# DATA
....
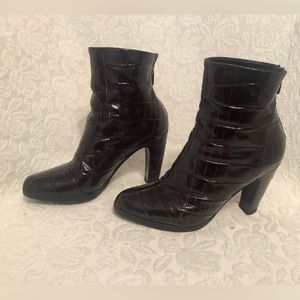 Claudia Ciuti dark brown leather booties.  Made in Italy.  Heel is 3.5 inches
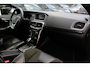Volvo V40 2.0 D2 Inscription R-Design / Camera / Leder&Alcantara / Keyless / 17'' / Dodehoek / Getint glas / Stoelverwarming / Cruise Control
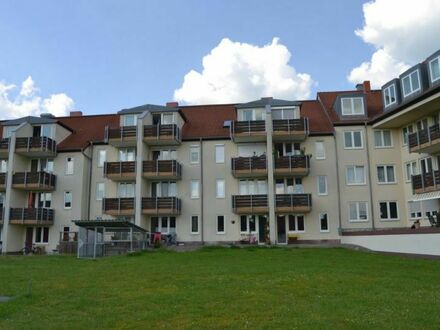 Gepflegte 2-Zimmer-Wohnung mit Süd-Balkon in beliebter Wohnanlage von Bayreuth
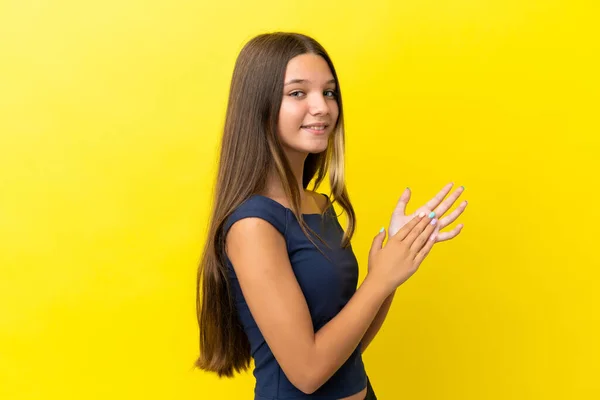 Little Caucasian Girl Isolated Yellow Background Applauding — Stock Photo, Image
....
# ASSIGNED TASK
Could you reproduce the data above exactly, without its pictures?

# TASK ANSWER
 Claudia Ciuti dark brown leather booties.  Made in Italy.  Heel is 3.5 inches
Volvo V40 2.0 D2 Inscription R-Design / Camera / Leder&Alcantara / Keyless / 17'' / Dodehoek / Getint glas / Stoelverwarming / Cruise Control
 Gepflegte 2-Zimmer-Wohnung mit Süd-Balkon in beliebter Wohnanlage von Bayreuth
 Little Caucasian Girl Isolated Yellow Background Applauding — Stock Photo, Image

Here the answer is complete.